(论文)[2024-SIG-C] Neural Bounding

Posted on 2024-08-07 Edited on 2024-08-09 In CG.Paper Views:

提出了一种新的求 bounding 的方式，引入非对称的 loss 去限制 FN=0，但是训练很慢，推理也比较慢，但是 bounding 更加紧致，不能泛化（单物体训练）

Neural Bounding

作者：Stephanie Wenxin Liu
项目主页，有开源代码
- RTX 3090 感觉跑起来很慢，半小时了一个都还没跑完

贡献

提出了一种新的求 bounding 的方式，引入非对称的 loss 去限制 FN=0，但是训练很慢，推理也比较慢，但是 bounding 更加紧致，不能泛化（单物体训练）
感觉它把非对称 loss 当作最大贡献了
引入网络也算创新点吧
不太懂为啥能发出来，感觉乱七八糟的。。。

Abstract

Bounding Volume 可以转化为一个分类问题：这个空间是否被占据
要求
- false positive（FP）尽可能少：效率高
- false negative（FN）不能出现：保证正确性
示例：box (a), ellipsoid (b), k-oriented planes (c), common neural networks (d) and a neural network trained using our approach (e)

Introduction

BVH 的 trade offs
- 和 bounding primitive 求交的计算代价
- 和原始 primitive 求教的计算代价
- bounding primitive 的 FP rate
理想的 bounding 策略：FP rate 低、bounding primitive 的计算代价低
经典策略：spheres, boxes, oriented boxes, k discretely-oriented polytopes (k-DOPs)
- result in poor FP rates as they remain convex
本文，利用 NN 实现
- high-dimensional, non-linear, concave bounding with a combination of simplicity, flexibility and testing speed
挑战：如何让 NN 的 FN rate 为 0
两种策略
- 先找 bounding，然后使用 NN 近似
- 使用 NN 去估计复杂几何体，然后进行保守估计
为了实用：网络需要 small and simple（快）
应用
- two, three and 4D point queries, 2D and 3D range queries as well as queries of dynamic scenes
- 传统方法的优化

previous work

k-DOPs、AABB 等
BVH
NN
- Neural intersection functions：不是保守的，静态场景
- Occupancy Networks（CVPR2019）
其他领域
- Neural Polytopes
- Neural collision detection for deformable objects
非对称 loss

our approach

Method

学习一个 indicator function \(f(\mathrm{x})\in\mathbb{R}^{n}\to\{0,1\}\)
- 1：inside、on the surface
- 0：else
query function \(g(\mathrm{r})\in\mathbb{R}^{m}\to\{0,1\}\)，region \(\mathrm{r}\)
- 1：存在一个 \(\mathrm{r}\) 中的点 \(\mathrm{x}\) 满足 \(f(\mathrm{x})=1\)
- 0：else
- 点查询：\(g=f\)
- 范围查询：\(\mathrm{r}\) 是区域的一个参数化（例如 AABB 的两个端点）
\(h_{\theta}(\mathrm{r})\in\mathbb{R}^{m}\to\{0,1\}\)
- 可学习的参数 \(\theta\)
- 当 \(g=1\) 的时候，严格为 1；其他没关系（允许 FP）
loss \(\mathcal{L}\)
- \(\alpha\to\infty\) ：不允许 FN
- \(\beta=1\)：FP 越少越好

\[ \mathcal{L}(\theta)=\int c(\mathbf{r})\mathrm d\mathbf{r} \]

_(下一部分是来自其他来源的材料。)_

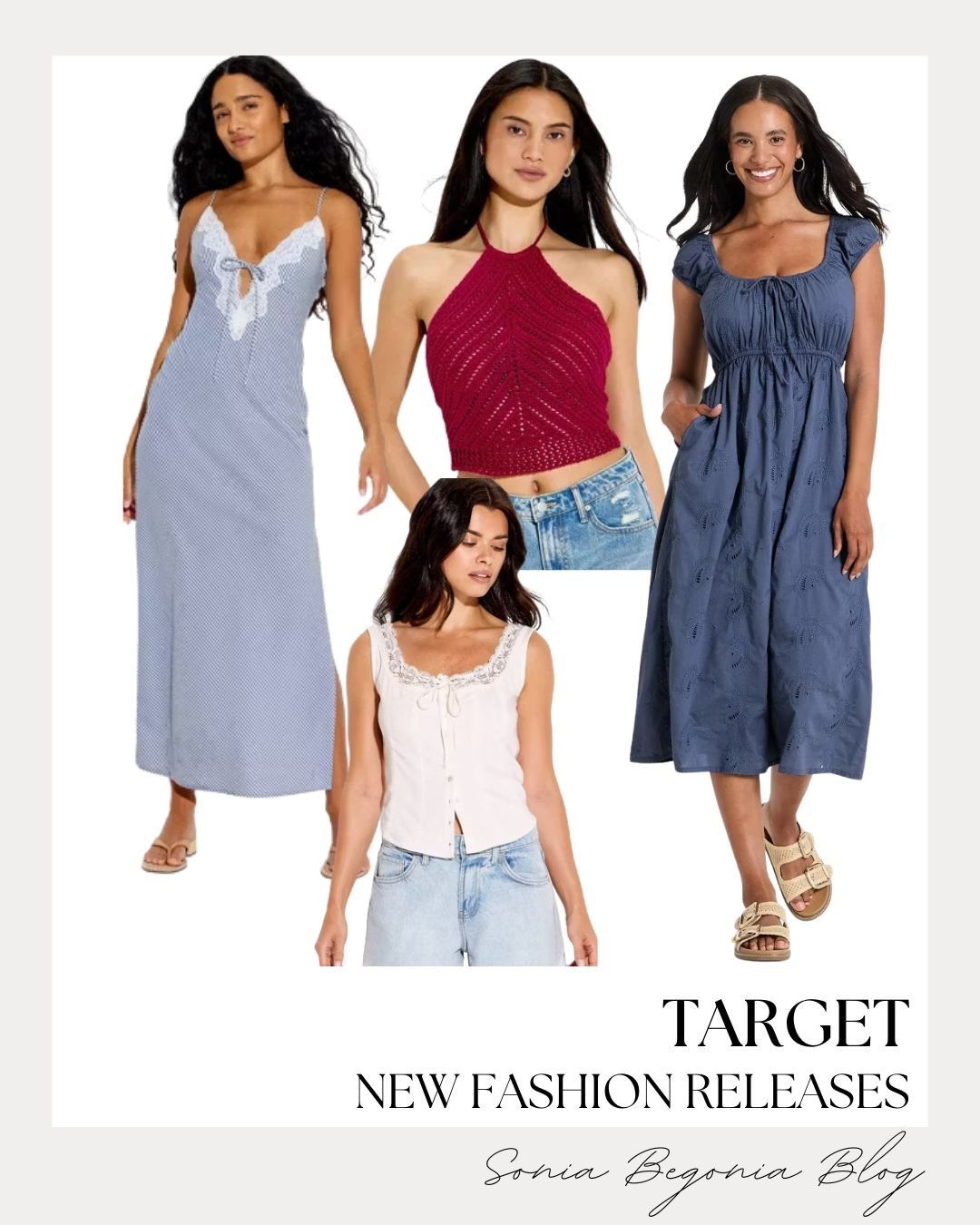 I am loving these new Target arrivals! The blue eyelet midi and lace-trim maxi are so dreamy for warmer days. I also found the cutest crochet halter and button-up vest for easy styling. 💙✨

These pieces feel so high-end but at such a great price point. I love the feminine details and how versatile they are for everything from a beach trip to a casual lunch date! 🌊👚

#TargetStyle #TargetFinds #NewArrivals #SpringFashion #SummerStyle #TargetHaul #OOTD #StyleInspo

#LTKSeasonal #LTKootd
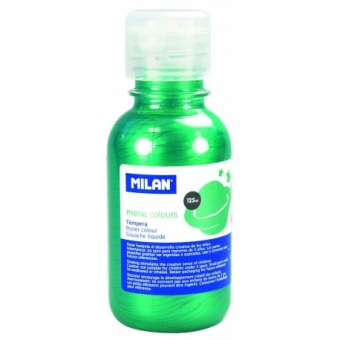 Tempera 125 ml verde metalizat MILAN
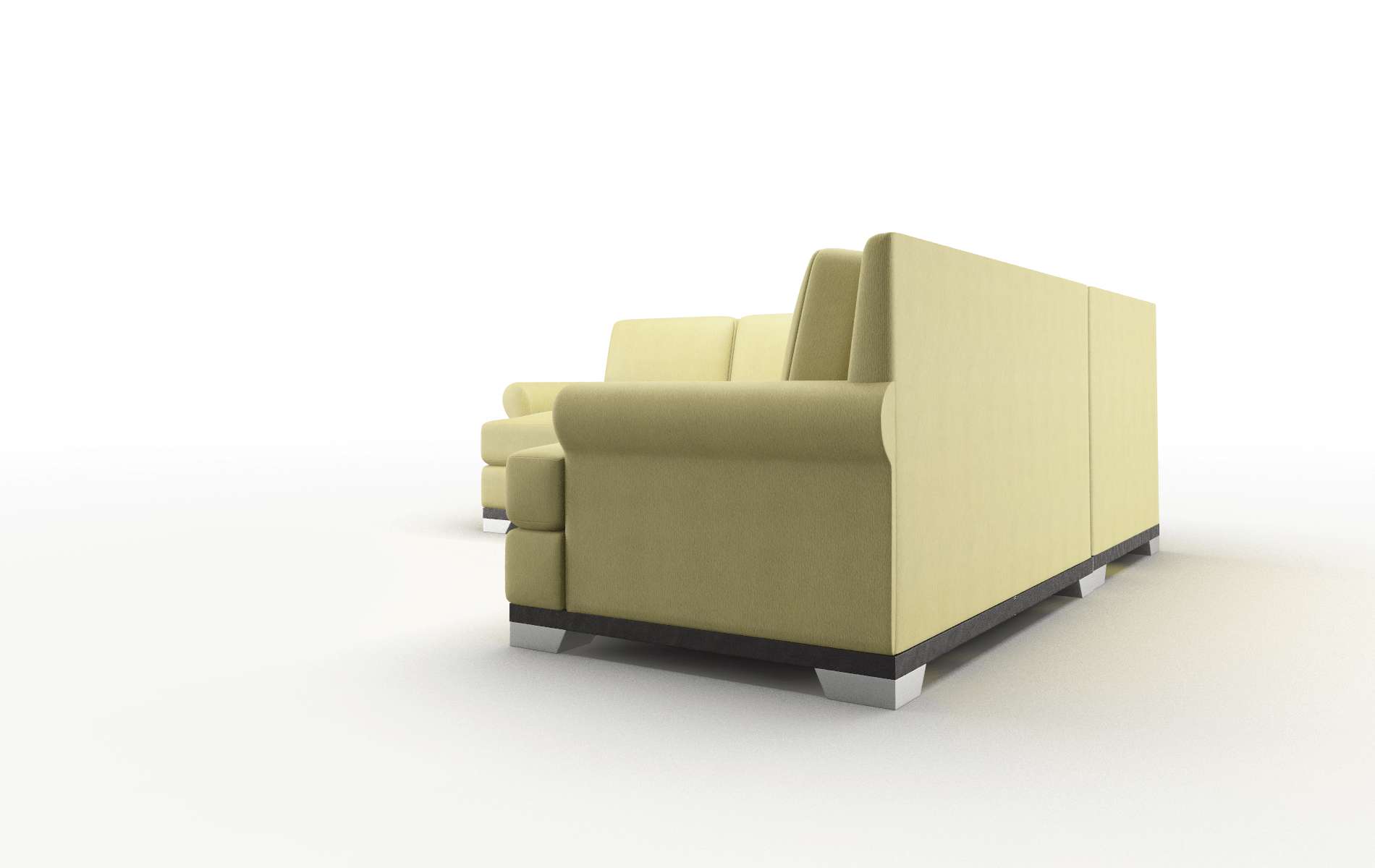 Newyork Bella Apple Sectional espresso legs 4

\[ c(\mathbf{r})= \begin{cases} 0& \text{if}\ g(\mathbf{r})=0\ \text{and}\ h_\theta(\mathbf{r})=0,&\text{TN}\\ \alpha& \text{if}\ g(\mathbf{r})=1\ \text{and}\ h_\theta(\mathbf{r})=0,&\text{FN}\\ \beta& \text{if}\ g(\mathbf{r})=0\ \text{and}\ h_\theta(\mathbf{r})=1,&\text{FP}\\ 0& \text{if}\ g(\mathbf{r})=1\ \text{and}\ h_\theta(\mathbf{r})=1,&\text{TP} \end{cases} \]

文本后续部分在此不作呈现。